PROBLEM DETAILS – Below are entries; copy exactly, and only, the lines from the one containing "Monogram or Number" through their final line, leaving out pictures.

_____

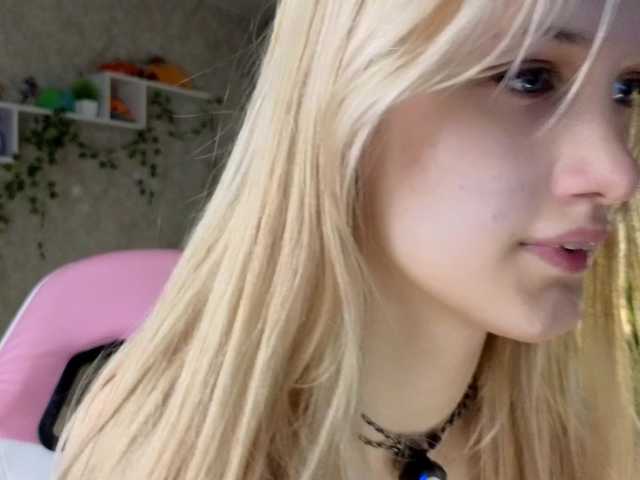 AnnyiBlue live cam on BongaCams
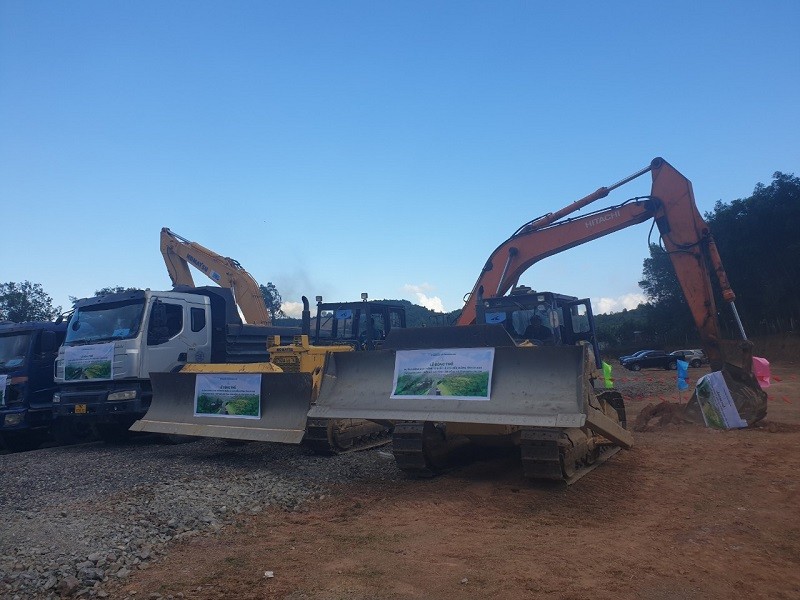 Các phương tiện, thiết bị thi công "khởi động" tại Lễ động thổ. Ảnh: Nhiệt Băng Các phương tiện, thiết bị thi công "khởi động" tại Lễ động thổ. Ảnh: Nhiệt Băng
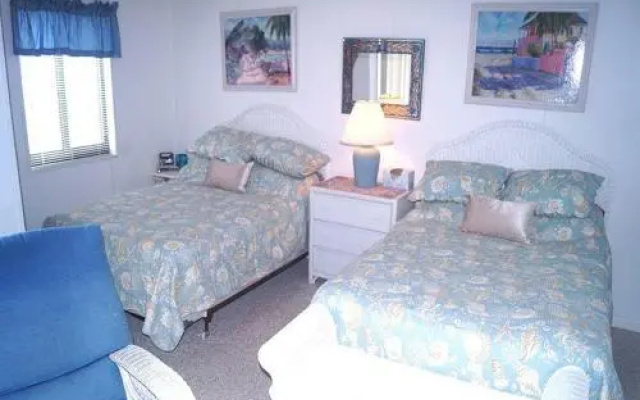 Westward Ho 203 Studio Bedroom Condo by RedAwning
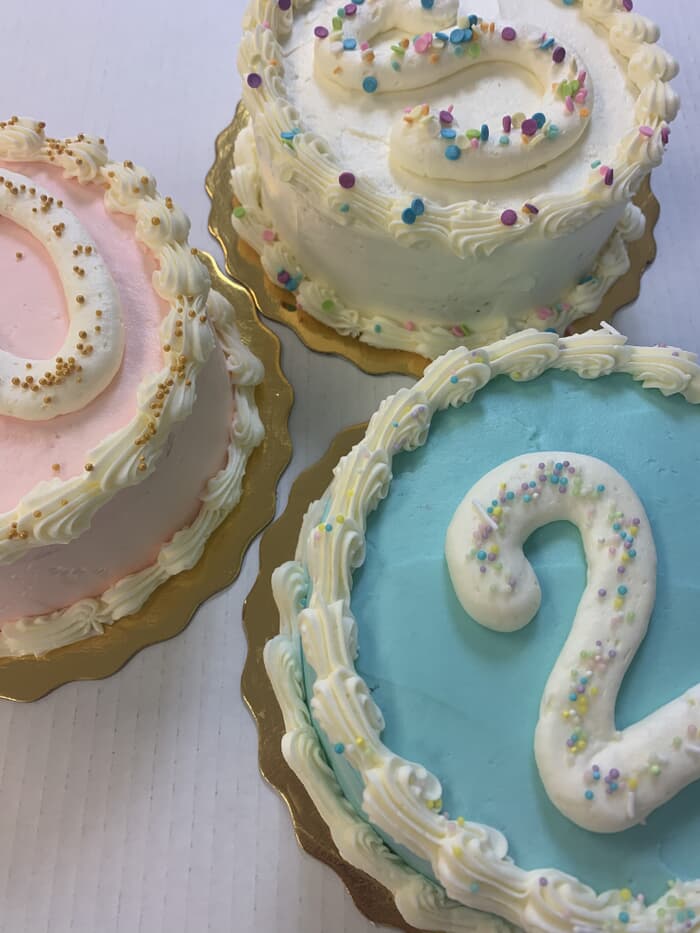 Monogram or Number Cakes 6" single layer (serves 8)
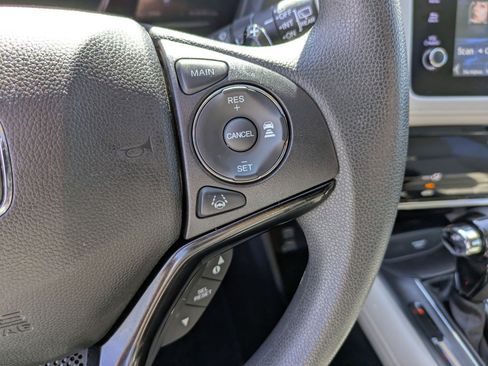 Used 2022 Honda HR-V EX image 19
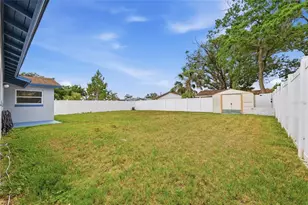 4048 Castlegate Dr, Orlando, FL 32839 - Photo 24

_____

TASK OUTPUT –
 Monogram or Number Cakes 6" single layer (serves 8)
 Used 2022 Honda HR-V EX image 19
 4048 Castlegate Dr, Orlando, FL 32839 - Photo 24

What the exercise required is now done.